Demystifying the Data Lake - Part 1

If you are new to the underlying technology that supports analytics, or just unfamiliar with some of the key concepts associated with data lakes, this blog post is for you. It is intended to be a short primer for both technical and non-technical audiences.

If you are a technologist that has been working with data lakes or data warehouses for a while, you might want to skip it.

This is the first of two posts, with the Part 2 focused on some of the more technical details.

What Is A Data Lake?

The term data lake carries a lot of baggage, being both a hot tech buzzword and being somewhat loosely defined. Early on, there was a strong focus on the underlying technology (Apache Hadoop) as the defining characteristic of data lakes, muddying the waters for the uninitiated. Fortunately, it isn’t that difficult to put together a working definition of a data lake that can be broadly understood.

At the core, data lakes are a means to an end. They are a mechanism for letting analytics within an organization happen efficiently, flexibly, and with the necessary controls in place. Data lakes work by bringing together information of all kinds together, in a central repository, surrounded by tools that let users prepare data and conduct analysis.

Analysis Without Centralized Data is Hard

It is easy to imagine a scenario in which data is spread out across multiple systems and you have a burning business question that you need to quickly answer.

For example, you might wonder how account manager interactions with customers influence renewal rates in a subscription-based business.

To find out you might need to combine data from a customer relationship management (CRM) system like Salesforce.com with data from an internal system that manages customer subscription data, and perhaps external data that tells you something about the market conditions in a particular geography where a customer is located.

This immediately surfaces a number of issues:

  • You have to combine data from multiple sources and that might not be easy. You will probably need to ask several different people to get the data for you and put it into a usable format like a spreadsheet. Once you have that data, how can you be sure that the customers in the CRM system accurately match the customers in the internal subscription system?

  • You won’t be sure of all of the data you need up front. This makes it hard to explore the data freely and improvise as you learn more. You might have to go “back to the well” asking for more data and waiting for requests to be fulfilled.

  • You haven’t built anything that delivers lasting value beyond answering the original question for a single point in time.

If that data were all in one place, the benefits are clear:

  • You can have confidence that the data has already been married together correctly with customers in one system matched up to customers in another.

  • You don’t need to repeat the effort of integrating the data on each run through the analysis or if you forgot a required piece of data the first time.

  • You can refresh the analysis as new data comes in creating lasting value and the means to monitor progress as you act on insights from the initial analysis.

One way to realize these benefits is by building a data lake as a shared, central repository for analytics data.

Data Lakes Improve on An Existing Model

Data lakes, to some extent, are the latest in a series of technology approaches for bringing data together in a central location for analysis.
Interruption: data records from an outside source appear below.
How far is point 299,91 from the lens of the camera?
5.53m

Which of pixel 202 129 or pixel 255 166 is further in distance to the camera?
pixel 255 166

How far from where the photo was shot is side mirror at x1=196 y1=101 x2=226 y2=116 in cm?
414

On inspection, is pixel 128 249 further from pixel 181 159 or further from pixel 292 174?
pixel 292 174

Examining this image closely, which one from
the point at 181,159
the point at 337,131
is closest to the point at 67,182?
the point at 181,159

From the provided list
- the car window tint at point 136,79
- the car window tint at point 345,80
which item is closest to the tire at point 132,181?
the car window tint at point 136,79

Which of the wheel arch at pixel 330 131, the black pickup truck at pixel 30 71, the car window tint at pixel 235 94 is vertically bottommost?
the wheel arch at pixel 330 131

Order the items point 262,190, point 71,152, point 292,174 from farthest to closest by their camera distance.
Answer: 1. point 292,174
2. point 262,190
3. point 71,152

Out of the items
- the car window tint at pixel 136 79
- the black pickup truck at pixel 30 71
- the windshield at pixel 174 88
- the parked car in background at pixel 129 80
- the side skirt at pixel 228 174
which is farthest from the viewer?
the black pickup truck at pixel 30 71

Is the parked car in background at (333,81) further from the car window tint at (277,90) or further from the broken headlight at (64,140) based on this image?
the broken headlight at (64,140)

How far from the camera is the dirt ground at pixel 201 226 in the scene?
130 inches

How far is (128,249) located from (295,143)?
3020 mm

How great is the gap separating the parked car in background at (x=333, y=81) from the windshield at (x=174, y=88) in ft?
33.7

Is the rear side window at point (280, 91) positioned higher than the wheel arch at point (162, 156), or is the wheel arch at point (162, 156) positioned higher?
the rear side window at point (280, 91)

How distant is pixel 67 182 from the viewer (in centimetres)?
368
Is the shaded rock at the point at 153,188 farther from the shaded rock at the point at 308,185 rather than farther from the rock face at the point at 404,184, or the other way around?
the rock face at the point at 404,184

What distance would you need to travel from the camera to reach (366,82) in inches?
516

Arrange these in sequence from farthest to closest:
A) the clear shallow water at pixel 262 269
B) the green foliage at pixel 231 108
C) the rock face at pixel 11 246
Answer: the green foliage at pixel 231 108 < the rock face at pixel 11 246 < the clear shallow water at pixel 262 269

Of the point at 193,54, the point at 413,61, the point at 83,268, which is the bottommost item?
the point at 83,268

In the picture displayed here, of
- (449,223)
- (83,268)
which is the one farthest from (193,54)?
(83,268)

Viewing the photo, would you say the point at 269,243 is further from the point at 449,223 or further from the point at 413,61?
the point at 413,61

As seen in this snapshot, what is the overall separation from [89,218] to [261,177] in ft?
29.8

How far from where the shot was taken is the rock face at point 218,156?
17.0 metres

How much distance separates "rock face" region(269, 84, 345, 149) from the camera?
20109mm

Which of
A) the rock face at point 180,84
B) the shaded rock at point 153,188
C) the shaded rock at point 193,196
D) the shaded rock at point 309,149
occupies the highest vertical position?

Starting decades ago with dedicated reporting databases that evolved into data warehouses companies have been building central repositories for analytics data since the beginning. These older approaches are now being supplemented, and in some cases, subsumed by data lakes.

However, data lakes go beyond simply centralizing the data and introduce some marked improvements over previous approaches in two areas:

  • Flexibility – Data lakes allow organizations to freely combine information of different types in one repository and run a variety of different types of analyses against that single repository. Data lakes often support both conventional business analytics and more advanced techniques like machine learning. They also can allow unstructured data like documents and images to be analyzed alongside tabular data like sales transactions.

  • Scalability – Data lakes are also more flexible in the way that they store data and use processing power. This allows organizations to both run a wider variety of analytics and run those analytics over larger data sets without breaking the bank.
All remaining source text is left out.